WHAT IS EXPECTED:
An exact copy of the listing below is needed, with no pictures in it.

[[ INFORMATION SUPPLIED open ]]

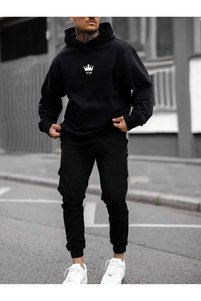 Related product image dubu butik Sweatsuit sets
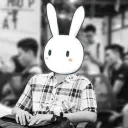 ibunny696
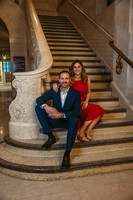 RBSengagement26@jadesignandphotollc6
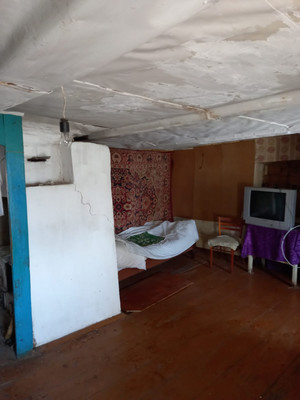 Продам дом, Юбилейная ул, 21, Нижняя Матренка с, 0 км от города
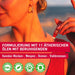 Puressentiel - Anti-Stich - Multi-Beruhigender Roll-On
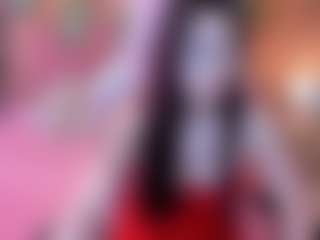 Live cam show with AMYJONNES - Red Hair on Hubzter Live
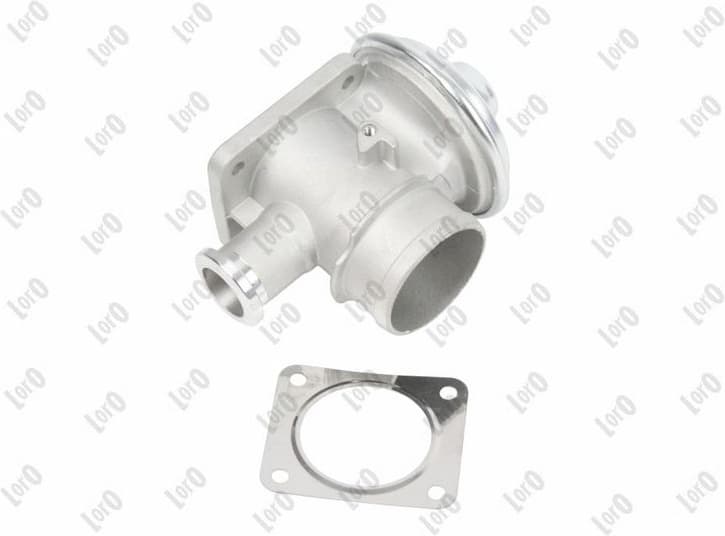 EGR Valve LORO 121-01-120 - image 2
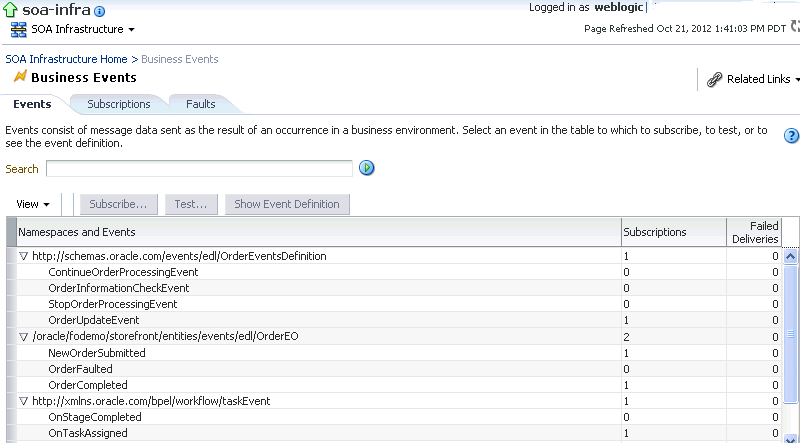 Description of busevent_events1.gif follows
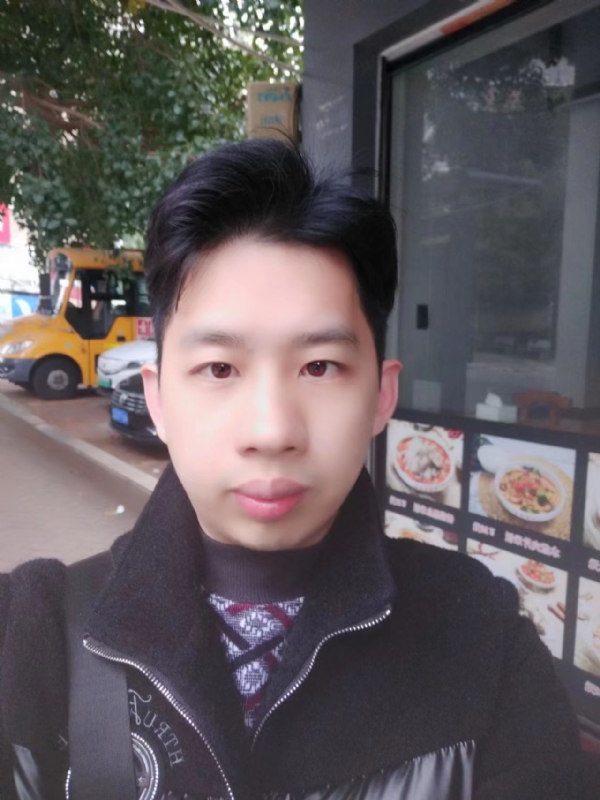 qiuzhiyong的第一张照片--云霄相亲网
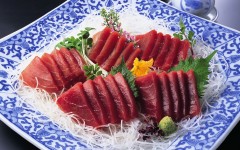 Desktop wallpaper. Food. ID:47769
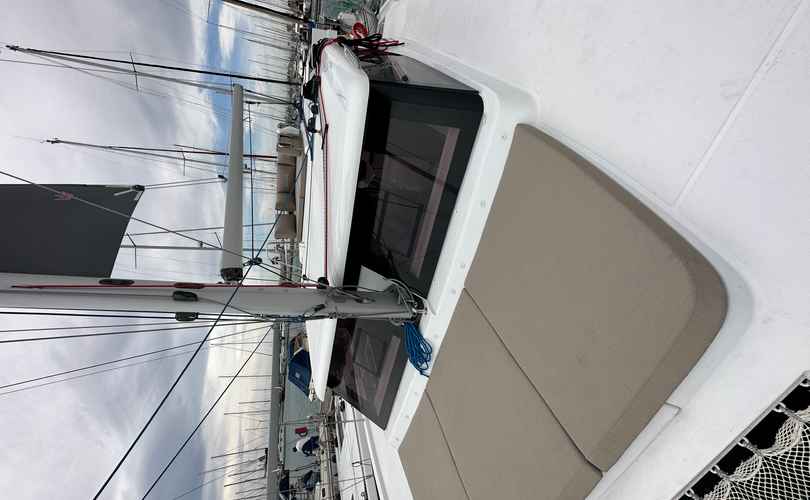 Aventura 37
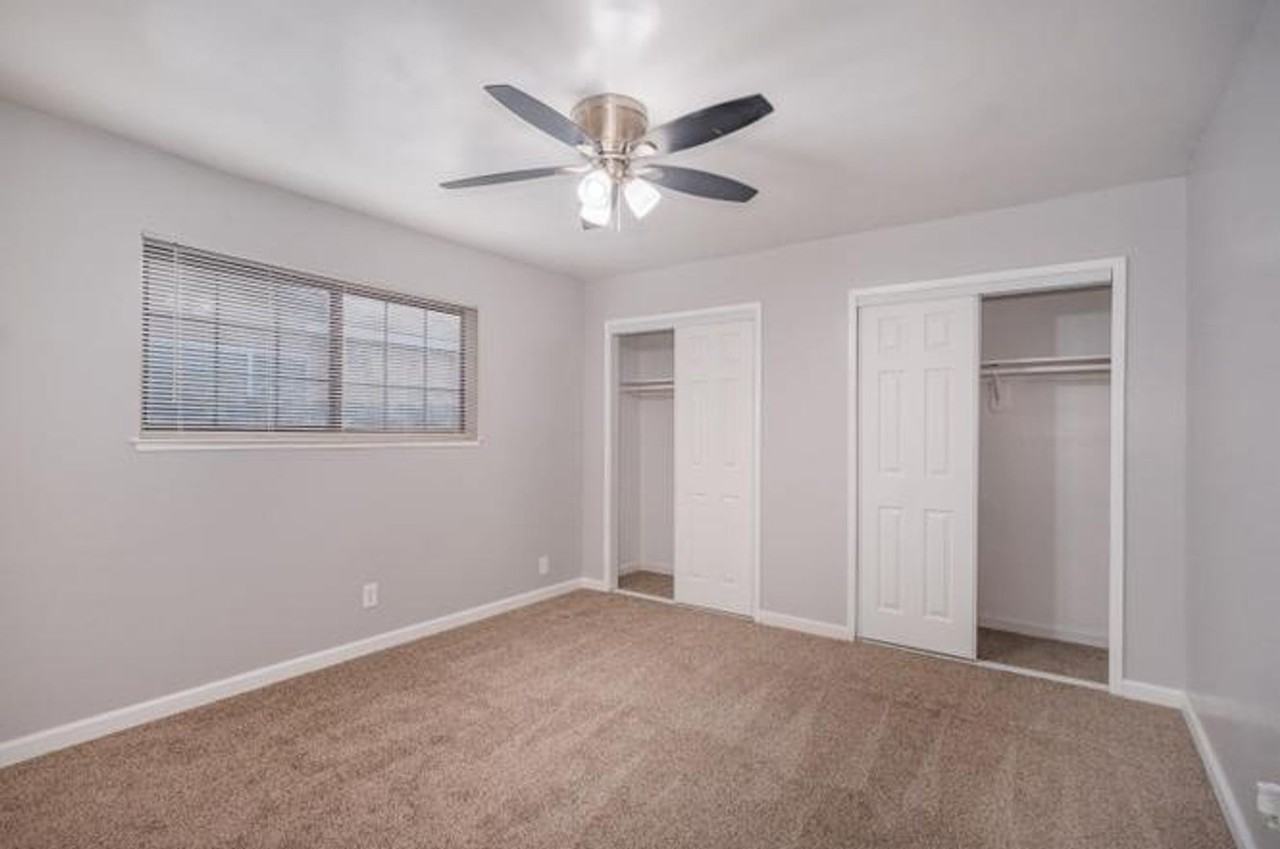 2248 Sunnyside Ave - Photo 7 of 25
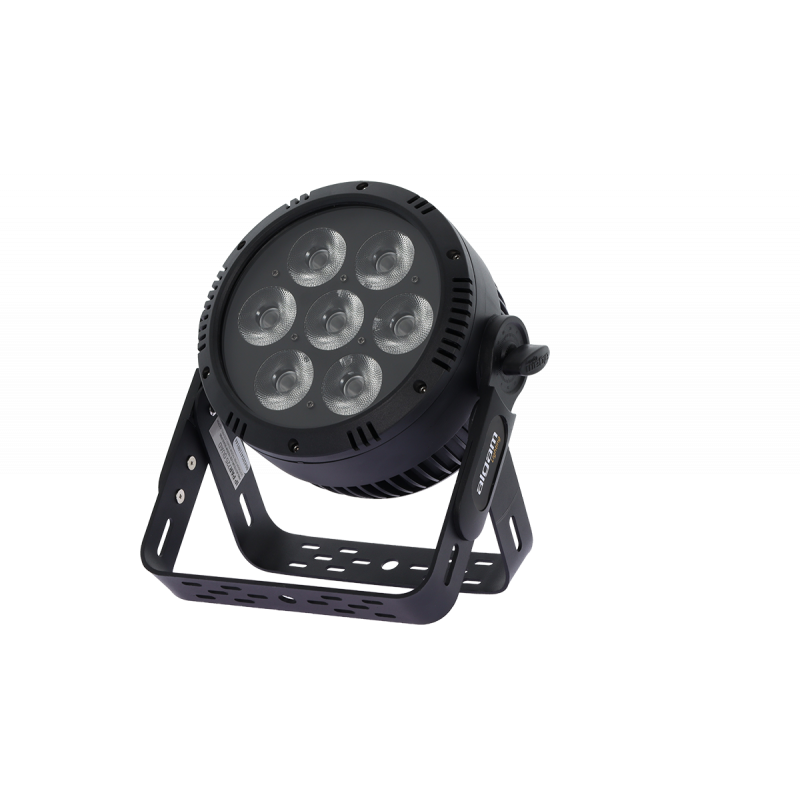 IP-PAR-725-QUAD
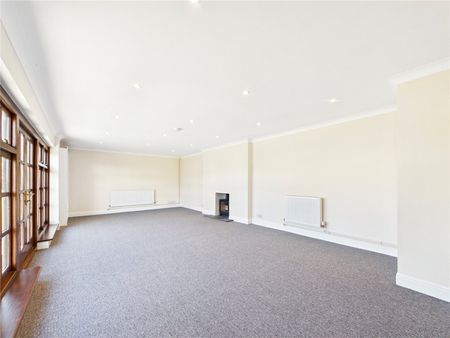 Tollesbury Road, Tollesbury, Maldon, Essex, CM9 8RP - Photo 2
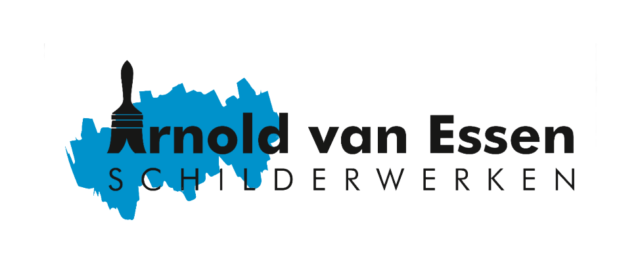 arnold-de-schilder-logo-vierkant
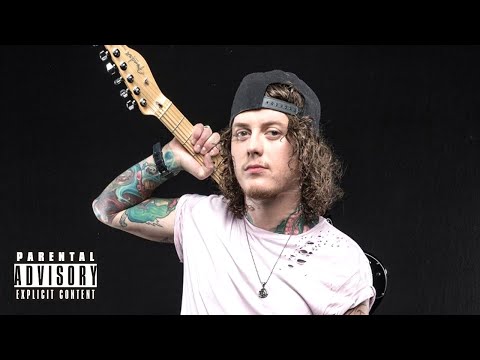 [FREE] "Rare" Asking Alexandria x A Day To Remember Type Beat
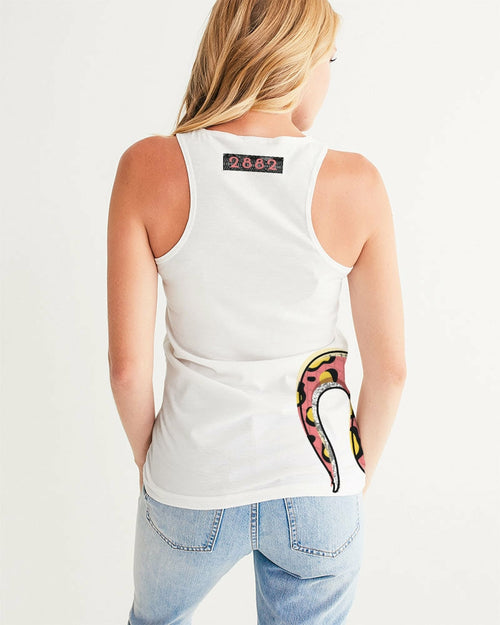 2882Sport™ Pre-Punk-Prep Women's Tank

[[ INFORMATION SUPPLIED closed ]]

WRITTEN REPLY:
 Related product image dubu butik Sweatsuit sets
 ibunny696
 RBSengagement26@jadesignandphotollc6
 Продам дом, Юбилейная ул, 21, Нижняя Матренка с, 0 км от города
 Puressentiel - Anti-Stich - Multi-Beruhigender Roll-On
 Live cam show with AMYJONNES - Red Hair on Hubzter Live
 EGR Valve LORO 121-01-120 - image 2
 Description of busevent_events1.gif follows
 qiuzhiyong的第一张照片--云霄相亲网
 Desktop wallpaper. Food. ID:47769
 Aventura 37
 2248 Sunnyside Ave - Photo 7 of 25
 IP-PAR-725-QUAD
 Tollesbury Road, Tollesbury, Maldon, Essex, CM9 8RP - Photo 2
 arnold-de-schilder-logo-vierkant
 [FREE] "Rare" Asking Alexandria x A Day To Remember Type Beat
 2882Sport™ Pre-Punk-Prep Women's Tank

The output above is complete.